--- TASK ITEM ---
For the records below, output word for word the lines from the one with "Angel Custom CNC" up to and including the one with "50 - Pack Paper". No pictures.

--- RECORDED DATA ---
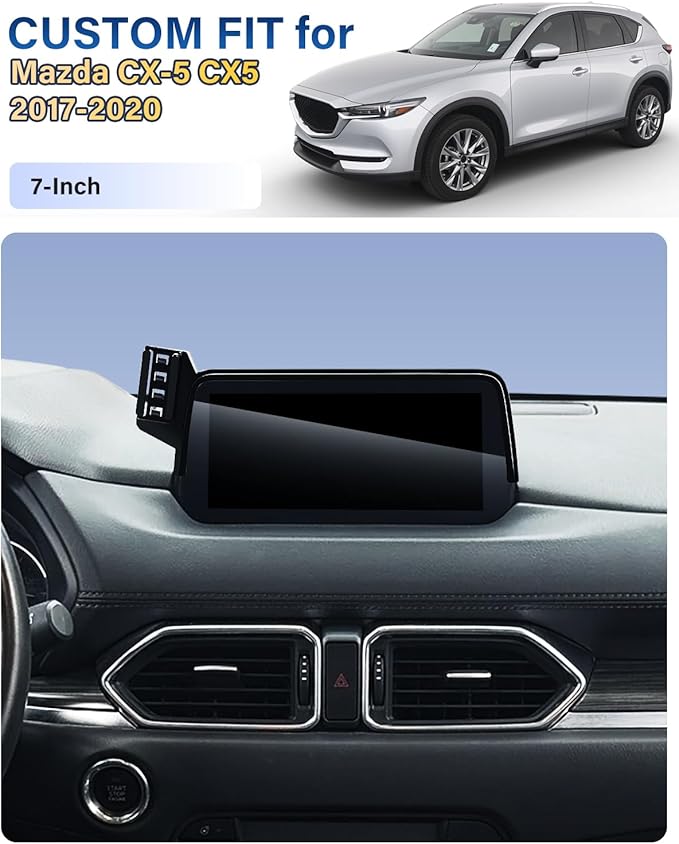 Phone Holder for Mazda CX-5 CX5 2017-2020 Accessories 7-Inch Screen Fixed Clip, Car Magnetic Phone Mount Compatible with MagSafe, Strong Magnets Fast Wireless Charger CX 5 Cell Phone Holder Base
--
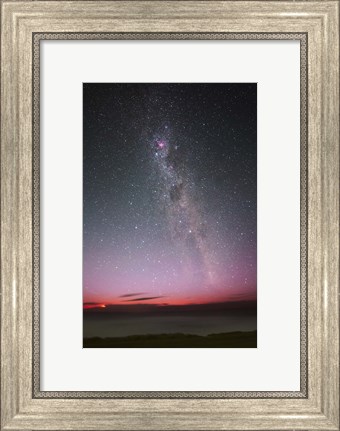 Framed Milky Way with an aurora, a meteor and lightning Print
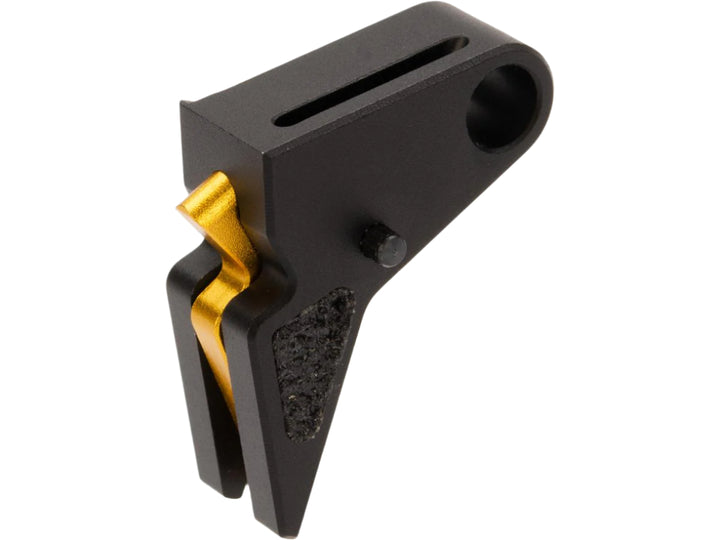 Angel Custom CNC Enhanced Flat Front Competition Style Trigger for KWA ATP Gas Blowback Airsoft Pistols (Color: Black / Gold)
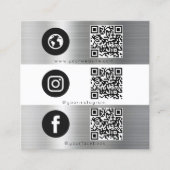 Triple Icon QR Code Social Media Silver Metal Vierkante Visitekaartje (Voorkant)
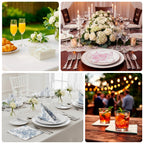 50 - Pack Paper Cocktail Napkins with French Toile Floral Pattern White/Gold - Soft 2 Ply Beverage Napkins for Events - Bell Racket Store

--- WRITTEN REPLY ---
 Angel Custom CNC Enhanced Flat Front Competition Style Trigger for KWA ATP Gas Blowback Airsoft Pistols (Color: Black / Gold)
 Triple Icon QR Code Social Media Silver Metal Vierkante Visitekaartje (Voorkant)
 50 - Pack Paper Cocktail Napkins with French Toile Floral Pattern White/Gold - Soft 2 Ply Beverage Napkins for Events - Bell Racket Store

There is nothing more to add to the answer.